Data shown:
== Segment start ==

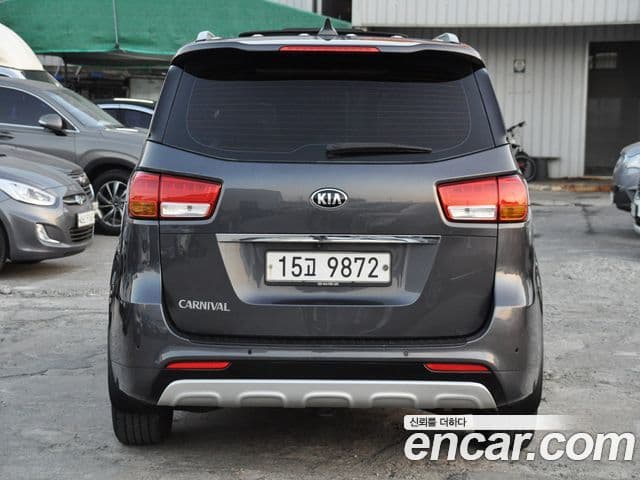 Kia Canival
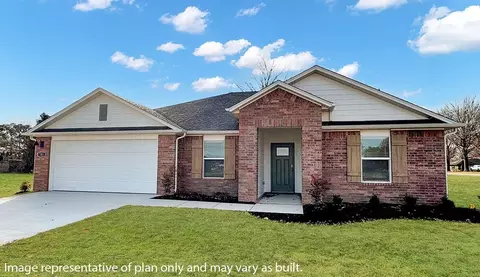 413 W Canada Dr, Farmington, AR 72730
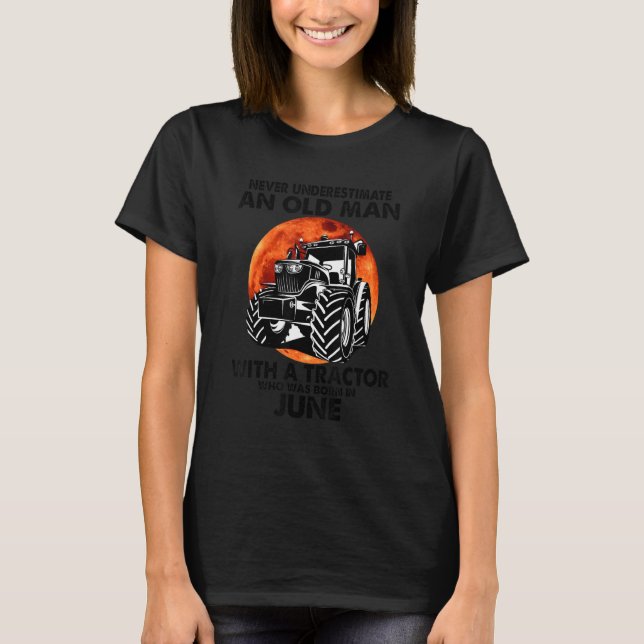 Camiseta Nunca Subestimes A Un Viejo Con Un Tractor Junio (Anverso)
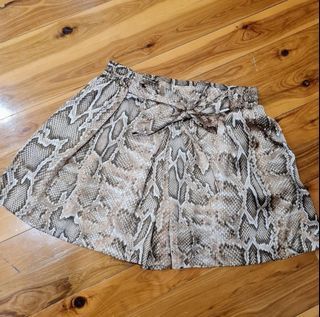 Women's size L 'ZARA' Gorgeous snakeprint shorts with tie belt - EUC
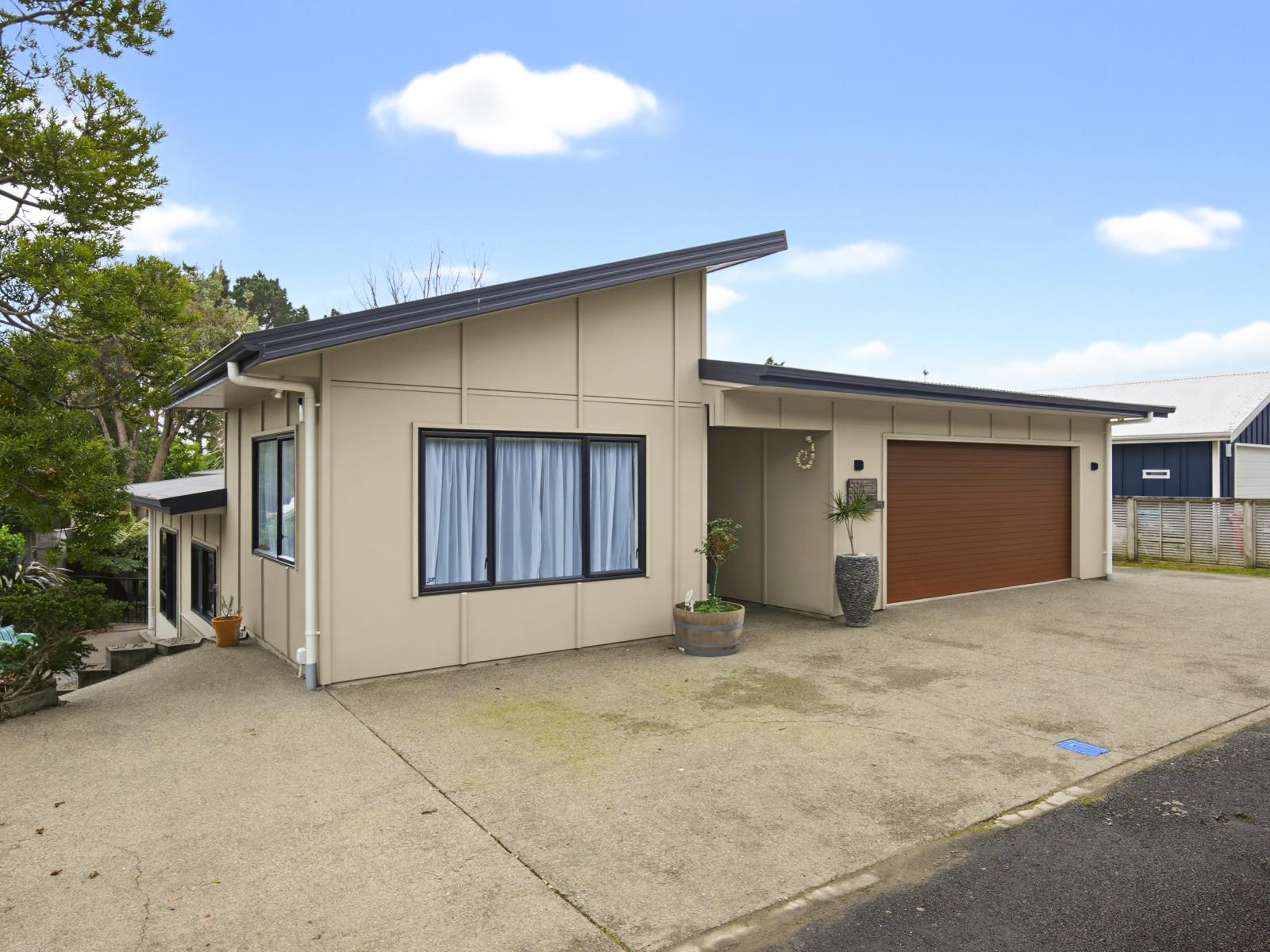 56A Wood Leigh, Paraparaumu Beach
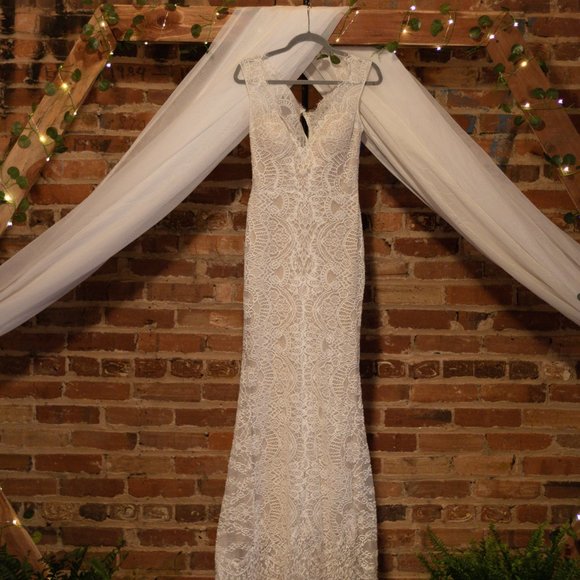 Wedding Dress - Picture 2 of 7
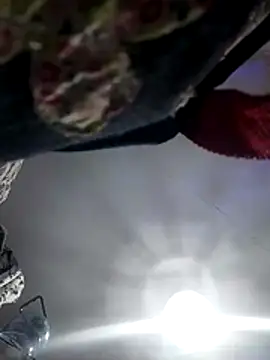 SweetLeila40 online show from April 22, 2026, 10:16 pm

== Segment end ==
== Segment start ==

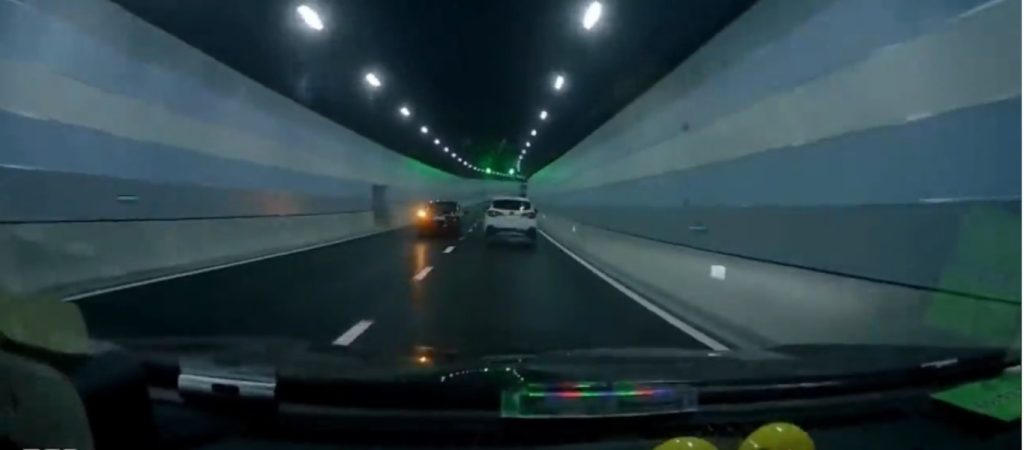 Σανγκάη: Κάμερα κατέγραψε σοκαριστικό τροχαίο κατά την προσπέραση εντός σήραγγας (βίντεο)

== Segment end ==

Working from the data above, repeat exactly, and only, the lines that begin at the line containing "Kia Canival" and stop after the line containing "SweetLeila40 online show"; pictures are not copied.

Solution:
 Kia Canival
 413 W Canada Dr, Farmington, AR 72730
 Camiseta Nunca Subestimes A Un Viejo Con Un Tractor Junio (Anverso)
 Women's size L 'ZARA' Gorgeous snakeprint shorts with tie belt - EUC
 56A Wood Leigh, Paraparaumu Beach
 Wedding Dress - Picture 2 of 7
 SweetLeila40 online show from April 22, 2026, 10:16 pm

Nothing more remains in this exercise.